Exclusive Digital GP consultations will make detection of sepsis more of ‘a challenge’, Public Health England’s antibiotics lead has said.
In an exclusive interview with Pulse, PHE’s Dr Susan Hopkins praised an RCGP toolkit designed to spot the signs of sepsis, but warned it ‘clearly involves seeing the patient’ to examine them.
She said the increasing use of digital technology to carry out consultations would make it more difficult to use the toolkit, which involves taking a set of patient observations – including respiratory rate, temperature, heart rate and blood pressure.
Dr Hopkins said these observations were the ‘key variables’ predicting the patient’s condition in the following 24 hours.
She added that it was both a ‘normal’ set of observations, alongside the GP’s clinical experience, that would reassure a GP that their patient is well.

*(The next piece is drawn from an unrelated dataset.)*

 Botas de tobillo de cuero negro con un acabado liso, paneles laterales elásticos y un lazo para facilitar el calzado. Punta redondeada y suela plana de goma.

Dr Hopkins said prescribing antibiotics for patients who may be at risk of sepsis needed to be done in a balanced way, focusing on treating those with the greatest need.
When antibiotics are not prescribed, GPs need to take a ‘safety netting’ approach by explaining to the patient, or the parents of a child, what the signs are for them to look out for – and where they can seek urgent help if required.
Dr Hopkins told Pulse: ‘The RCGP has developed a set of tools for sepsis that are really good, and clearly it involves seeing the patient. So I think that’s going to be a challenge when we’re using more digital technology to do consultations.
‘It also involves doing a set of observations on every patient – knowing what their respiratory rate, temperature, heart rate, blood pressure is. Because they’re the key variables that predict what’s going to happen to the patient in the next 12-24 hours.’
She said: ‘If they’re all completely normal and the patient in front of them looks well, with the GP’s clinical experience they can bring those things together, then that’s very reassuring. As long as they document that, then that will help them in any investigations that might subsequently ensue.’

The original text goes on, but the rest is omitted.